Input for this task Start Marker
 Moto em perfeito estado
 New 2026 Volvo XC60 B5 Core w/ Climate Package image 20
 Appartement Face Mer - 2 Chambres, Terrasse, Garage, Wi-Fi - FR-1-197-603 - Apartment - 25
Input for this task End Marker
Input for this task Start Marker
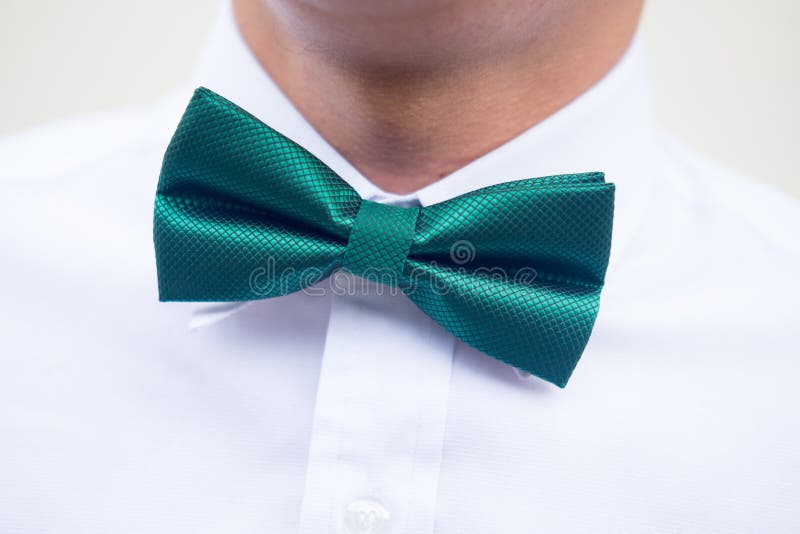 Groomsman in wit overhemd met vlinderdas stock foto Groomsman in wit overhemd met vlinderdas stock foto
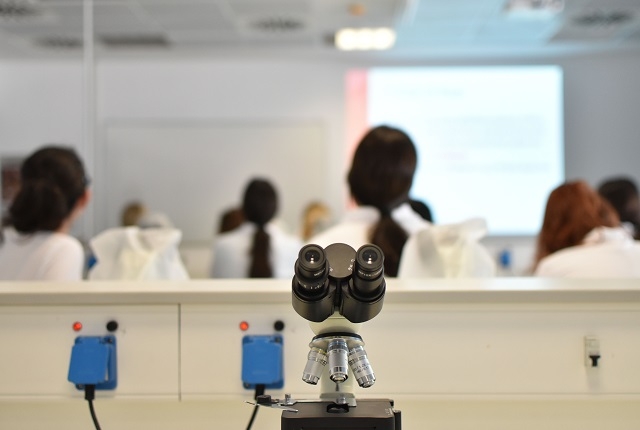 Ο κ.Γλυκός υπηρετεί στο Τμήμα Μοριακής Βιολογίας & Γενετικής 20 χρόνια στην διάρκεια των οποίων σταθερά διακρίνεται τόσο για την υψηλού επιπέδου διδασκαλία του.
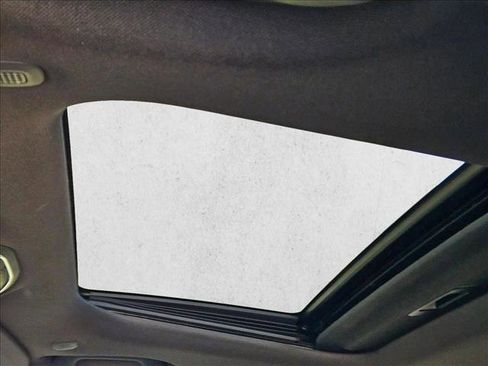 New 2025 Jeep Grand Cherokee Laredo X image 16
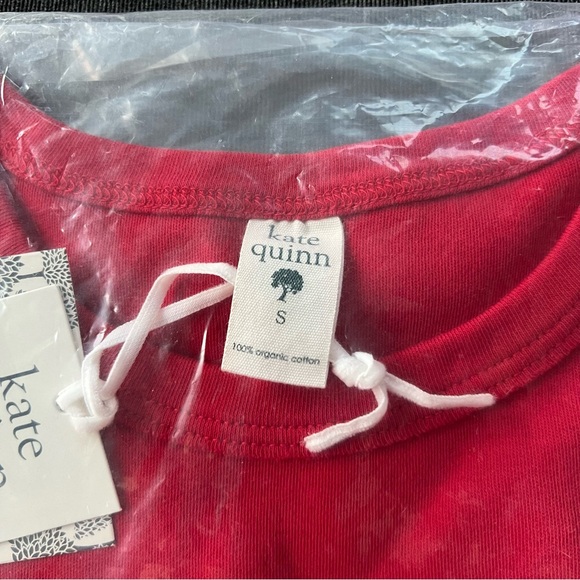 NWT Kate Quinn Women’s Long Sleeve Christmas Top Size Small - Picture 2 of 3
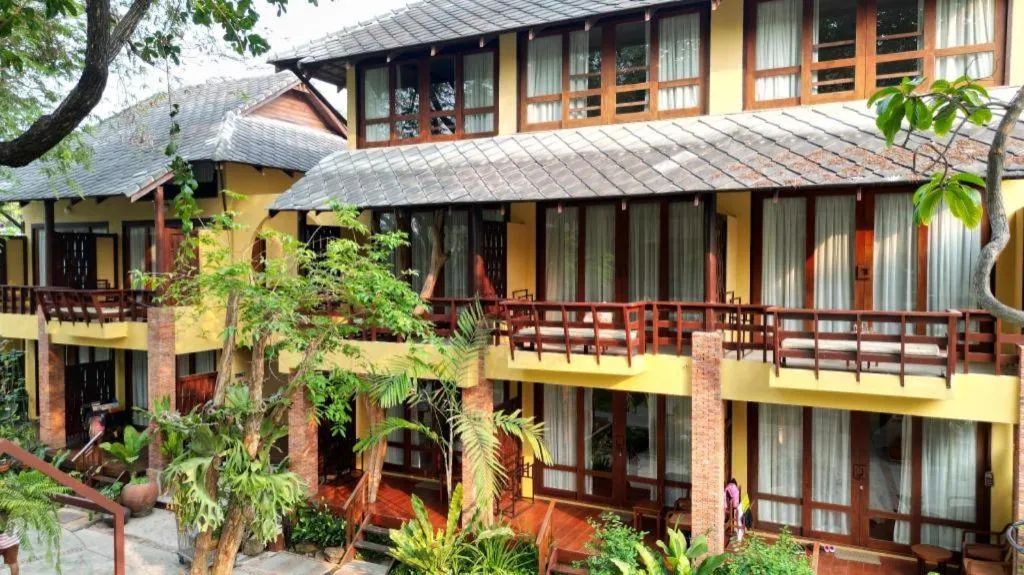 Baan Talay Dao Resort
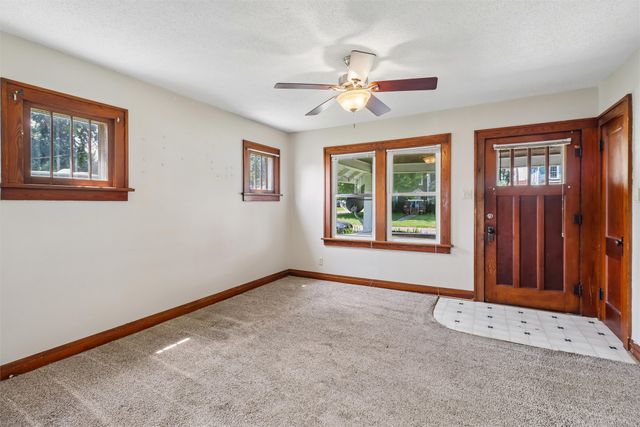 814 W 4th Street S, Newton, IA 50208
Input for this task End Marker
# Your assignment
In the listing above, find the line with "New 2026 Volvo" and the line with "Appartement Face Mer"; set down exactly those two lines and every line between them, nothing more.

# Written answer
 New 2026 Volvo XC60 B5 Core w/ Climate Package image 20
 Appartement Face Mer - 2 Chambres, Terrasse, Garage, Wi-Fi - FR-1-197-603 - Apartment - 25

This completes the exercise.